# Task item:
One exact copy of the listing, minus the images, is the required answer.

# Data shown:
──────
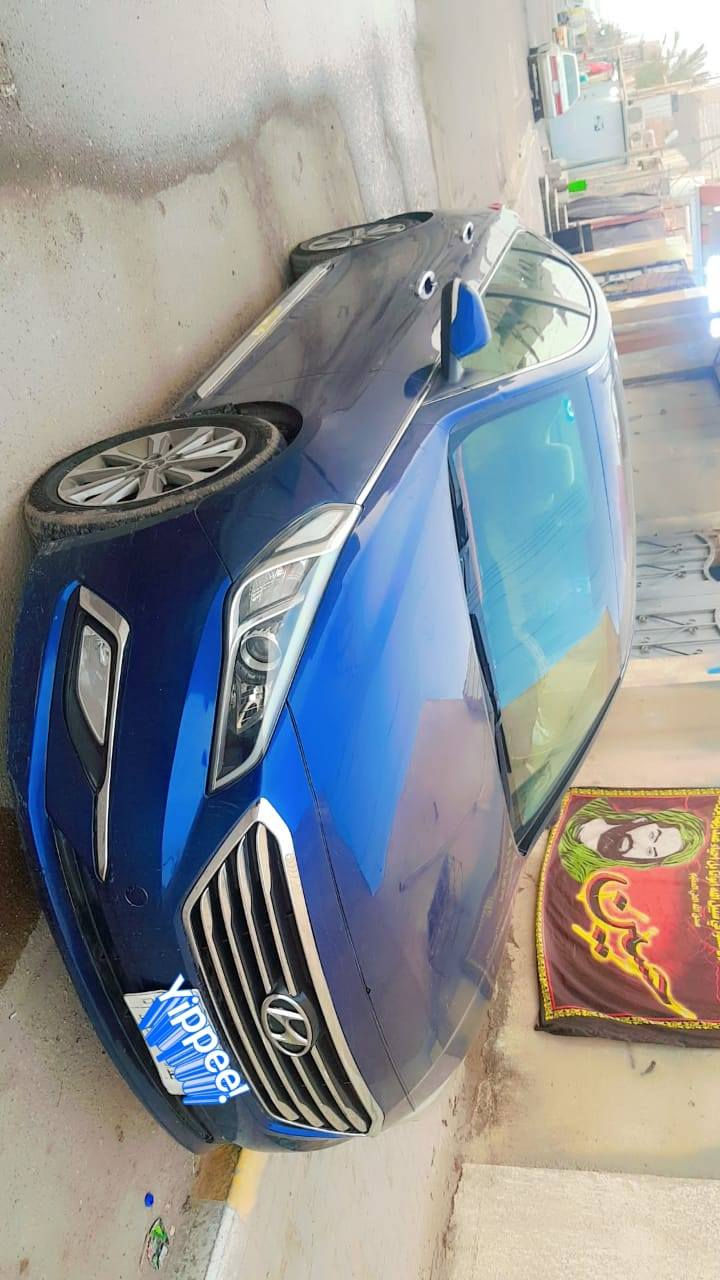 السلام عليكم سوناتا موديل 16 وارد أمريكي فول مواصفات بصمه فتحة سقف كامره حساسات رادار كل المواصفات بيها  حادثها بسيط جدا بس دعاميه بدون دواخل صور الحادث مرفقه أرقام وسنويه جدد رقم بغداد السياره جاهزه من كلشي كير مكينه حداده خير من الله استخدام شخصي مامتعوبه تاخذها ألف دينار ما تصرف عليها مكان السياره بصره السعر 123 وبيها مجال لشراي والمو شراي يدعينه الله يرحم والديكم وهذا رقم راعيها انه مكلف بالنشر ***********
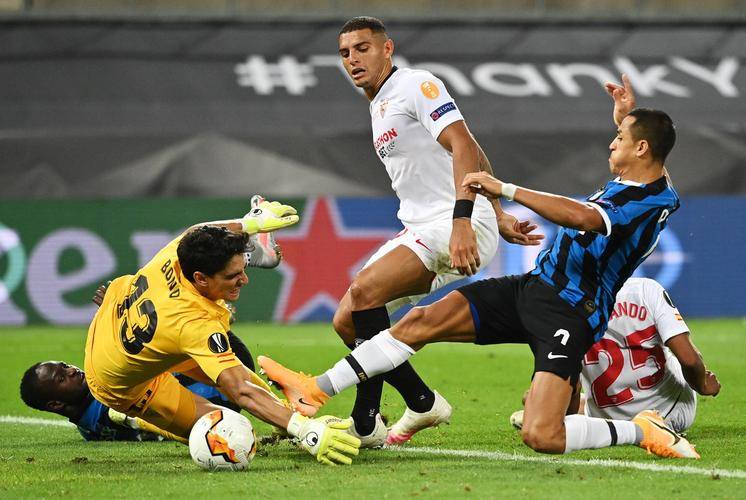 Ming巅峰对决,凯恩与50激战老鹰分钟,败北胜负难料!(巅峰对决奥运男篮半决赛)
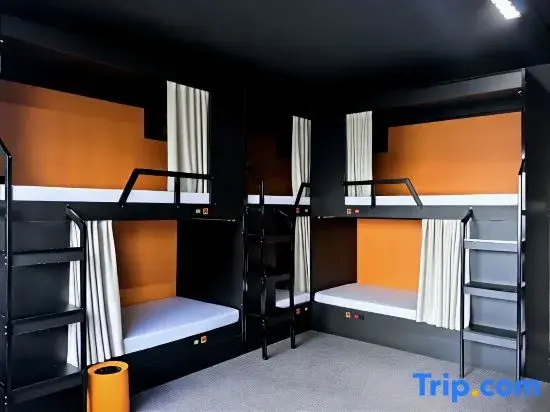 Bed in Dorm (male dorm)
──────
# Task result:
 السلام عليكم سوناتا موديل 16 وارد أمريكي فول مواصفات بصمه فتحة سقف كامره حساسات رادار كل المواصفات بيها  حادثها بسيط جدا بس دعاميه بدون دواخل صور الحادث مرفقه أرقام وسنويه جدد رقم بغداد السياره جاهزه من كلشي كير مكينه حداده خير من الله استخدام شخصي مامتعوبه تاخذها ألف دينار ما تصرف عليها مكان السياره بصره السعر 123 وبيها مجال لشراي والمو شراي يدعينه الله يرحم والديكم وهذا رقم راعيها انه مكلف بالنشر ***********
 Ming巅峰对决,凯恩与50激战老鹰分钟,败北胜负难料!(巅峰对决奥运男篮半决赛)
 Bed in Dorm (male dorm)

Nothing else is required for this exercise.